Conceptual diagram illustrating methods for analyzing land change rates and causes. Results will be applied to project future land changes. (Credit: Christopher Soulard, USGS. Public domain.)


Task 1

A necessary foundation for the study of the causes of land change is a thorough and comprehensive assessment of landscape variations over time. Land Cover Trends research will determine the proximate causes of land change through analysis of past and present landscape trajectories extracted from LCMAP annual datasets. These investigations will provide insights into the timing of LULC changes or events, distinguish natural from anthropogenic processes, and monitor short-lived alterations and long-term trends. Results will serve as direct inputs into subsequent analyses.

The evaluation of LCMAP land change products will involve determining the most effective conversion of LCMAP-generated annual maps and statistics into analysis-ready data. To learn how data and corresponding land change statistics can be appropriately used, the Land Cover Trends team will compare LCMAP maps and statistics to an array of verification datasets, including satellite imagery, LCMAP validation points, and independent LULC data and change statistics.


Task 2

A comprehensive understanding of the rates and patterns of land change reported by LCMAP will facilitate insight into the underlying causes of such change. The primary objective of the Land Cover Trends project is to develop a quantitative approach to estimate the major drivers of land change in the United States from 1985-2014, such as water use and availability, weather events, climatic conditions, population pressure, public policy, economics, and technological advances. A related goal is the consideration of how drivers interact to affect regional variability of land-use change characteristics.

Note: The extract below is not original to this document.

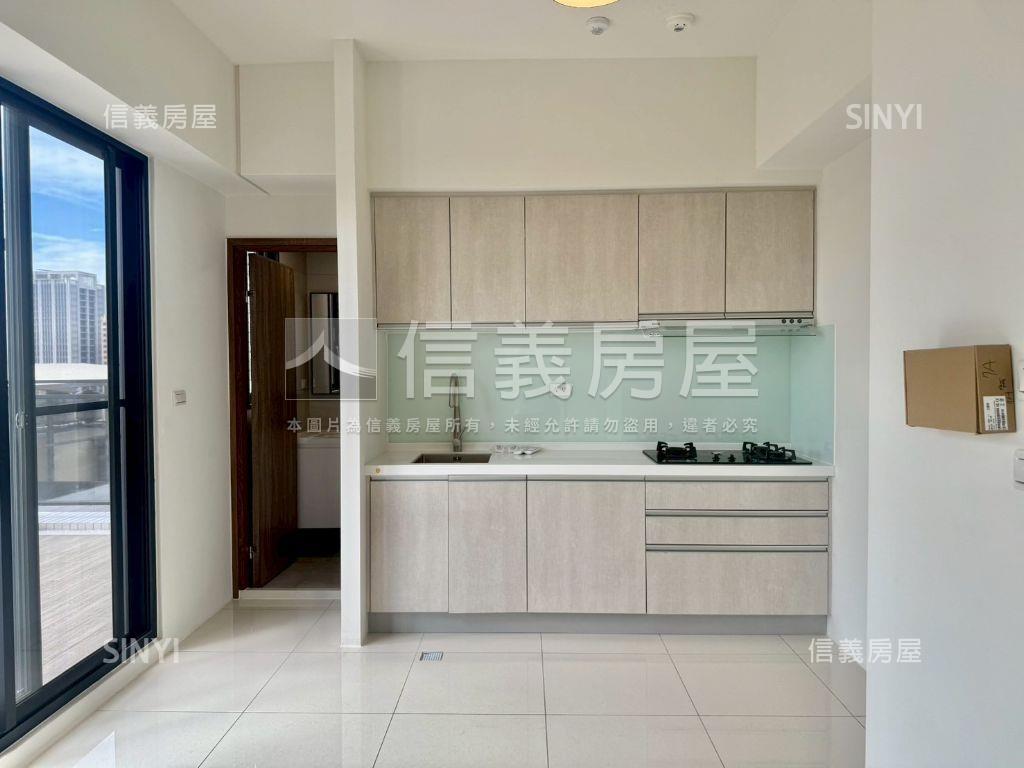 俗！東區輕屋齡一房車位房屋室內格局與周邊環境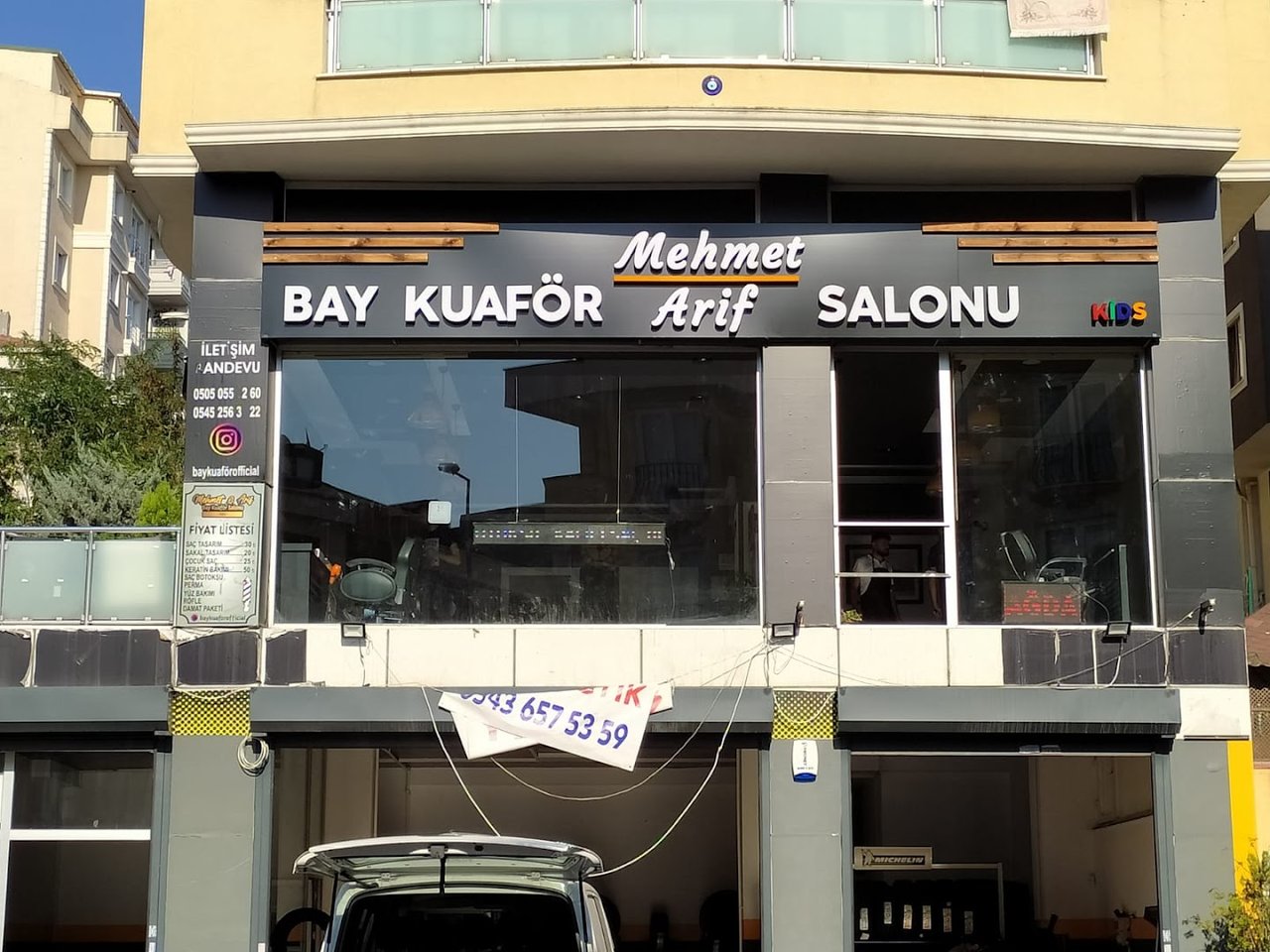 Mehmet & Arif Bay KUAFÖR Salonu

To advance research into LULC change drivers beyond qualitative or anecdotal observations of individual forcing agents, the Land Cover Trends team will develop and apply a comprehensive, quantitative approach that can be flexibly applied across biome, regional, and national scales. The effort will incorporate information and data applicable to smaller-scale influences, such as local economic, development, and land preservation policies; invasive species or pest infestations; weather or climate variability; and land management practices. This scalable framework will allow USGS researchers to isolate abiotic influences, explore climate sensitivity to both long term trends and extreme weather events, and investigate merged variables in multiple regression analyses.